*** Block opens ***

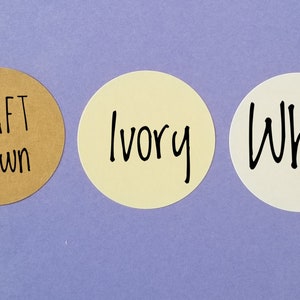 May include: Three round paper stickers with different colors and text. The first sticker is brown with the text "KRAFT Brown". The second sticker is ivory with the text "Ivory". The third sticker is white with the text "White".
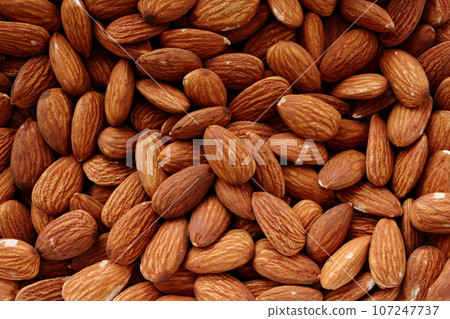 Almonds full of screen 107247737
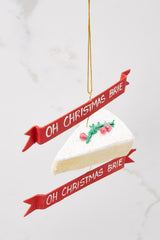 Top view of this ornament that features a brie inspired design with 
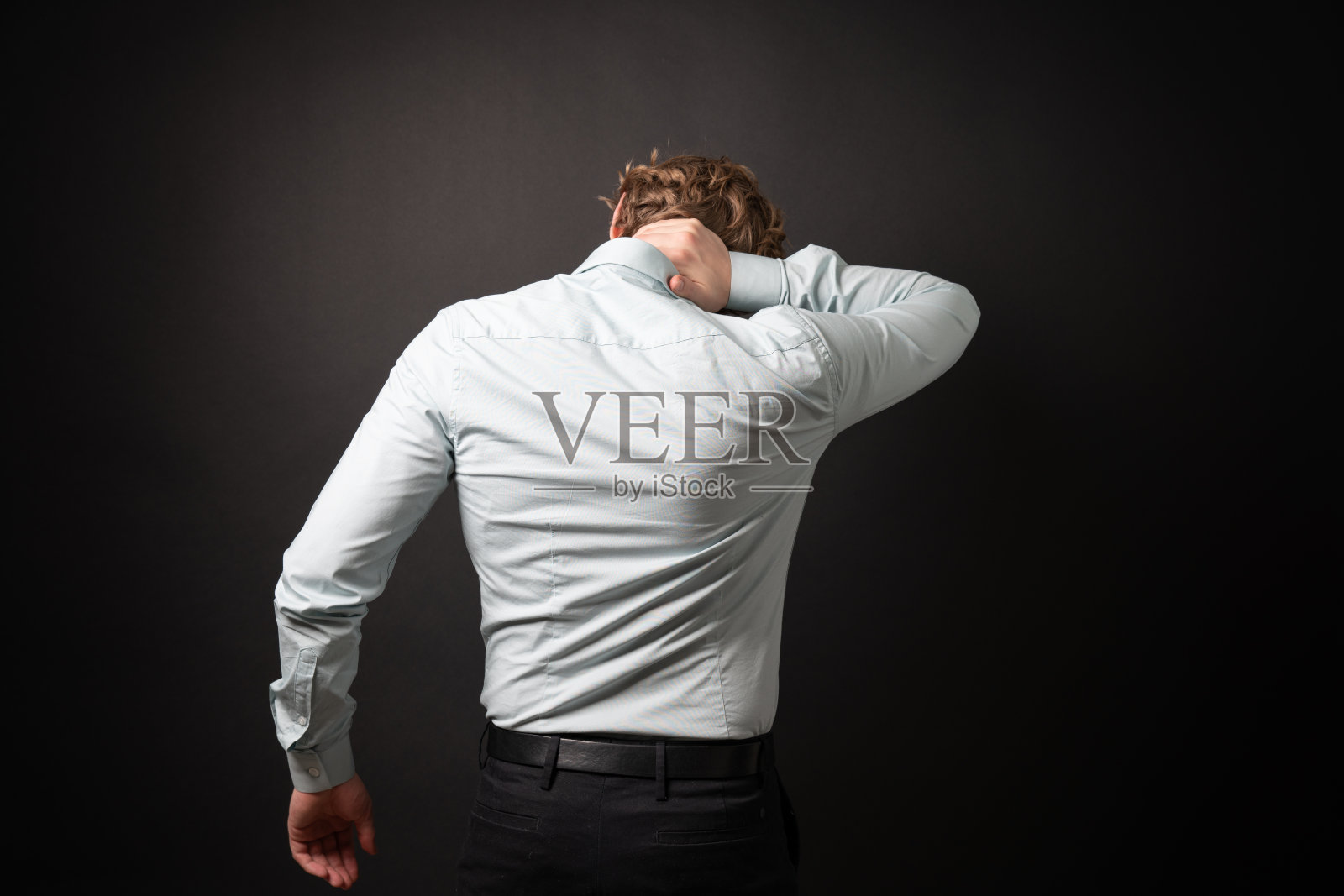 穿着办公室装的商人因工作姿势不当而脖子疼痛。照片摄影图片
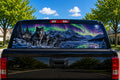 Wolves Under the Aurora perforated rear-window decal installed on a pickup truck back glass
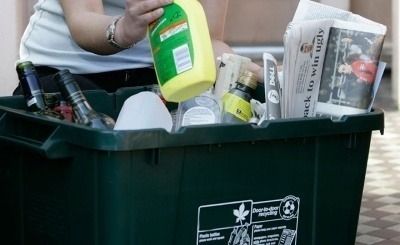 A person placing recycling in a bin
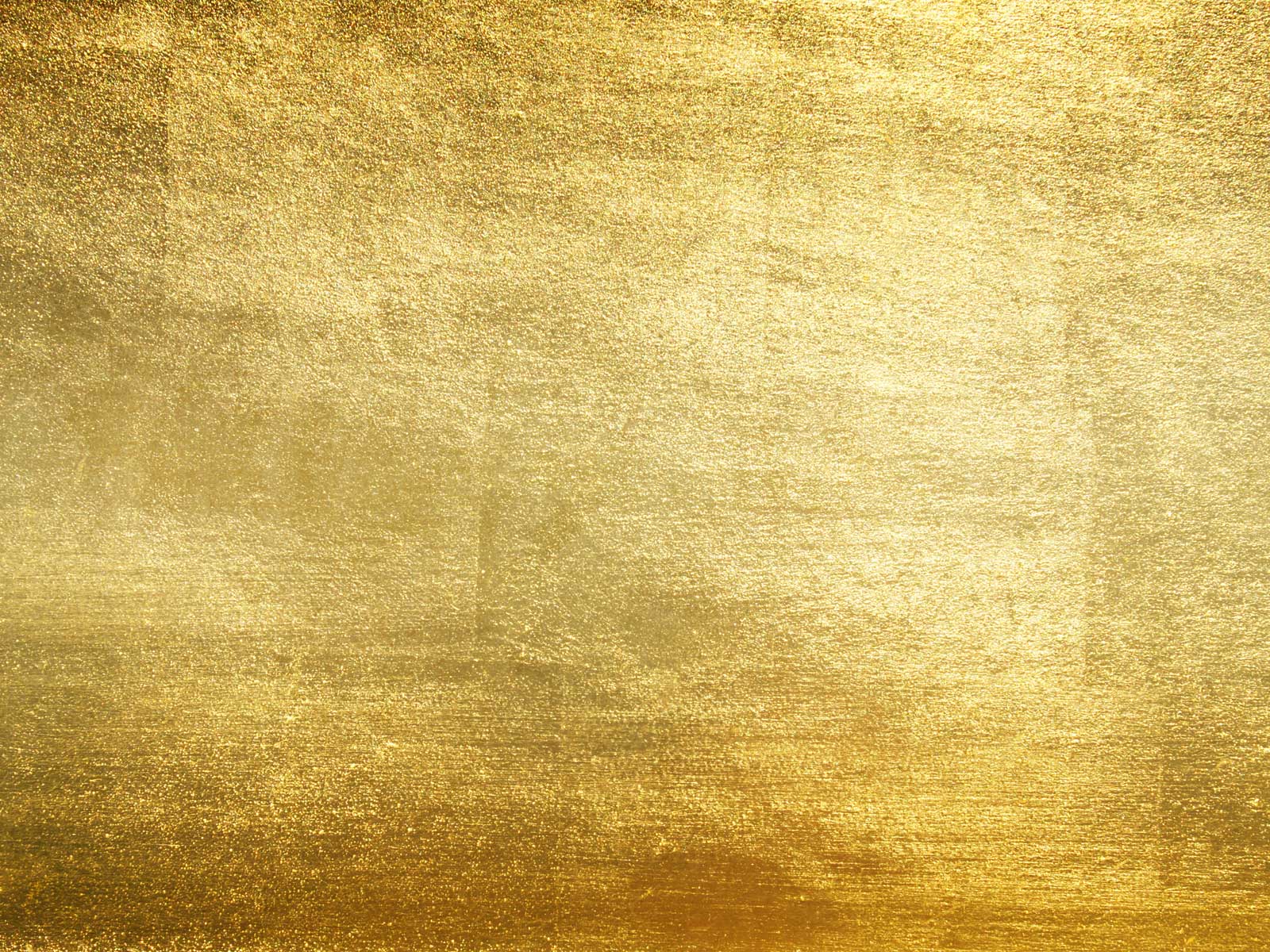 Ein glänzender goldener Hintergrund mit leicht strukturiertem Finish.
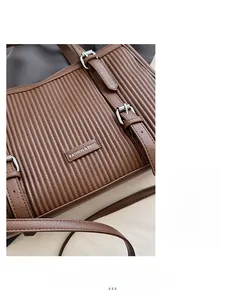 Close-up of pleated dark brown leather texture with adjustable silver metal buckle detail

*** Block closes ***

- **Exercise objective**
From the records above, return exactly the lines running from the one that contains "Top view of" down to the one that contains "Ein glänzender goldener", both included, without any pictures.

- **Task response**
 Top view of this ornament that features a brie inspired design with 
 穿着办公室装的商人因工作姿势不当而脖子疼痛。照片摄影图片
 Wolves Under the Aurora perforated rear-window decal installed on a pickup truck back glass
 A person placing recycling in a bin
 Ein glänzender goldener Hintergrund mit leicht strukturiertem Finish.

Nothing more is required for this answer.